Dataset section:
************
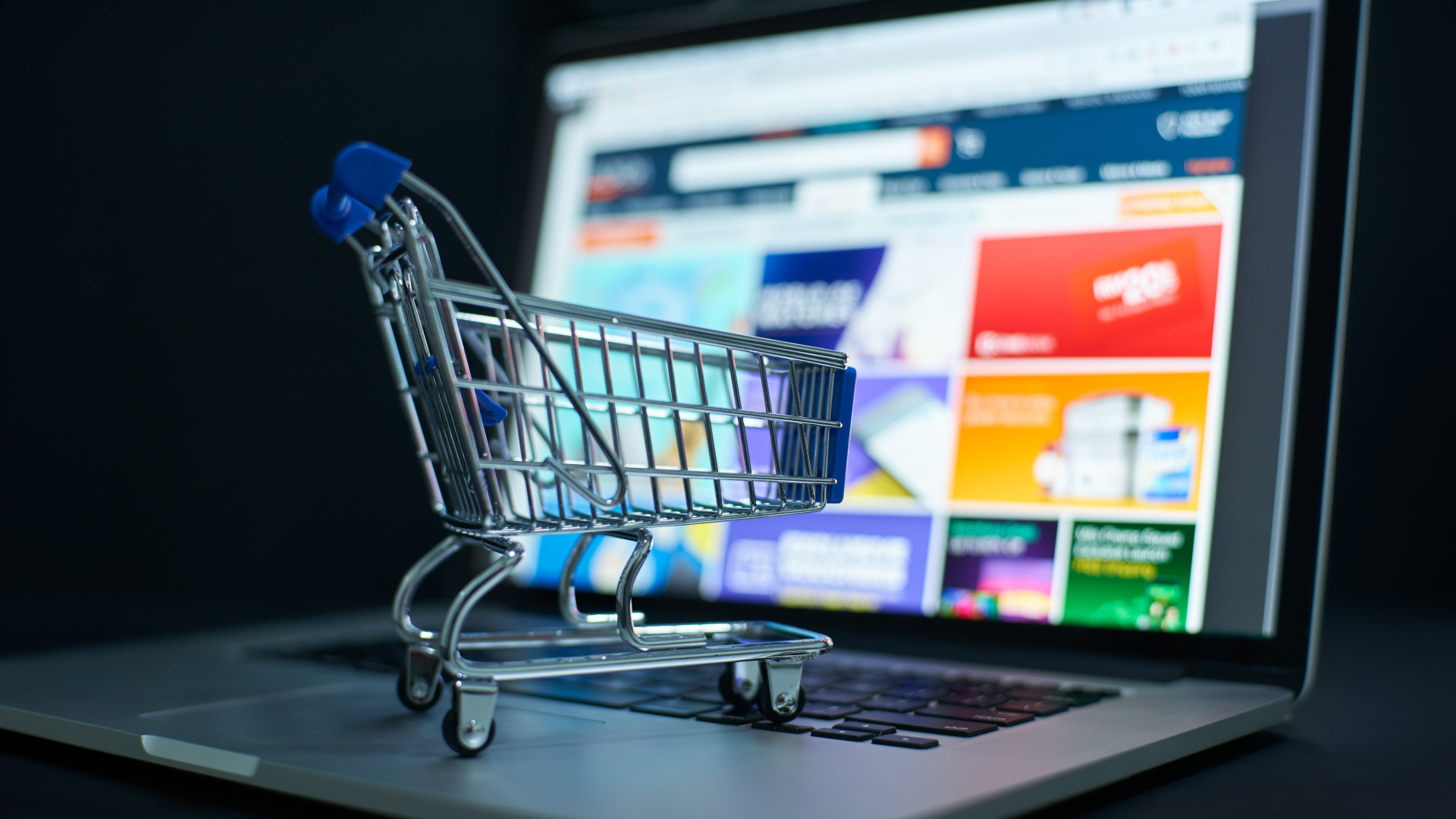 «Più protezione dei consumatori per gli acquisti online all'estero»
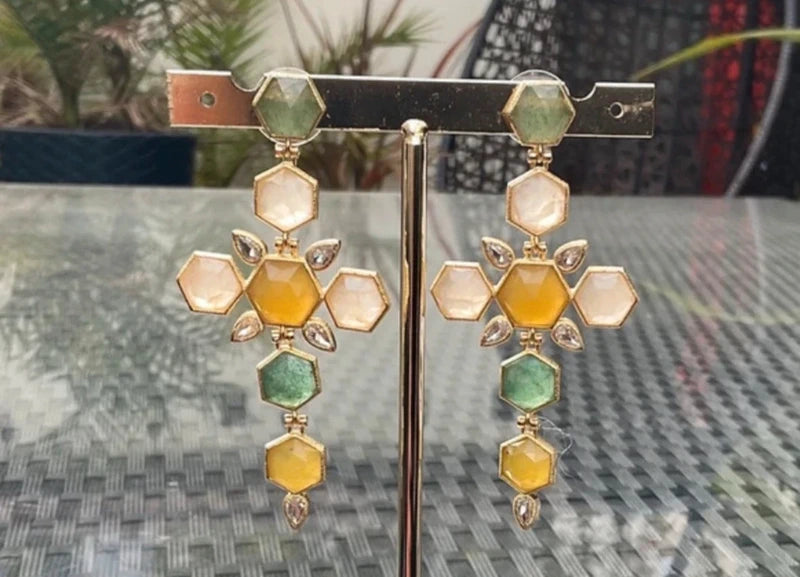 Boucles d’oreilles en acide inoxydable et pierres naturelles longueur 7 cm excellent état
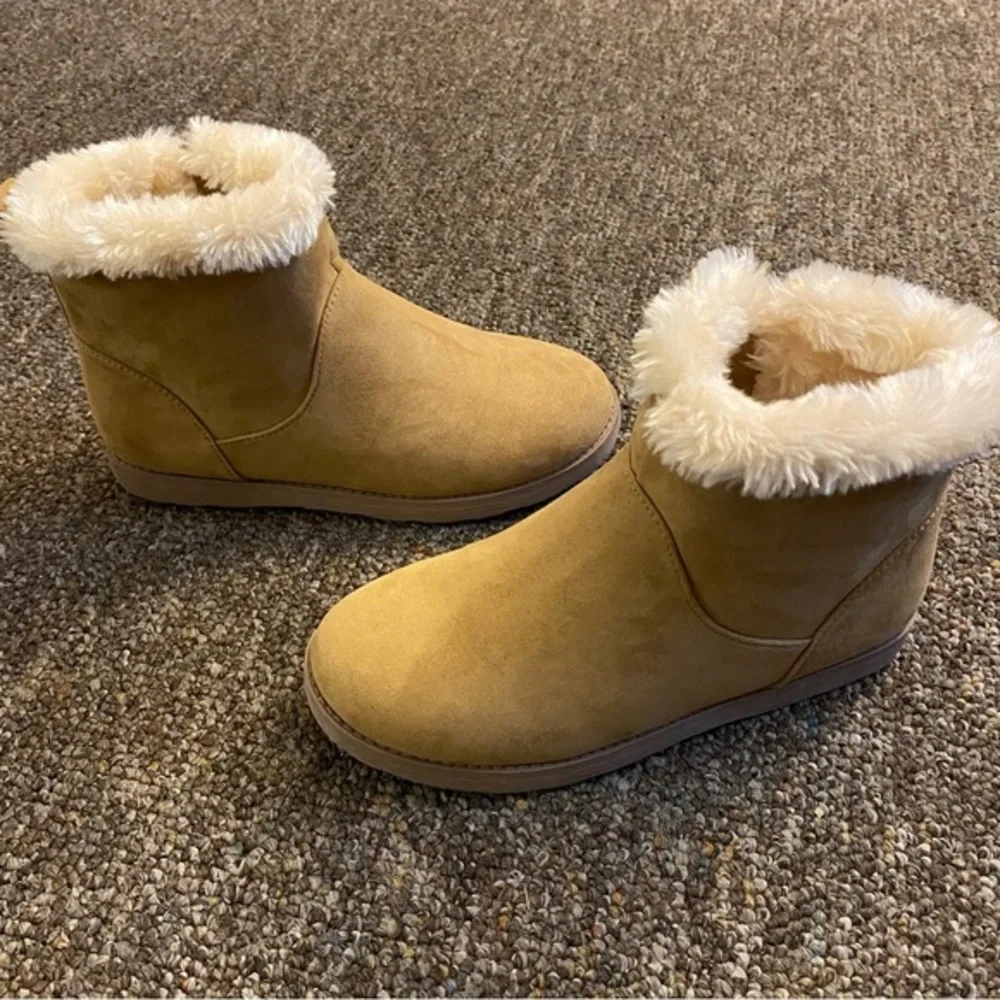 Cat And Jack‎ Boots Size 4 Girls  Zips On Each Side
************
Task prompt:
Would you return all of the data above word for word, omitting every picture?

Answer section:
 «Più protezione dei consumatori per gli acquisti online all'estero»
 Boucles d’oreilles en acide inoxydable et pierres naturelles longueur 7 cm excellent état
 Cat And Jack‎ Boots Size 4 Girls  Zips On Each Side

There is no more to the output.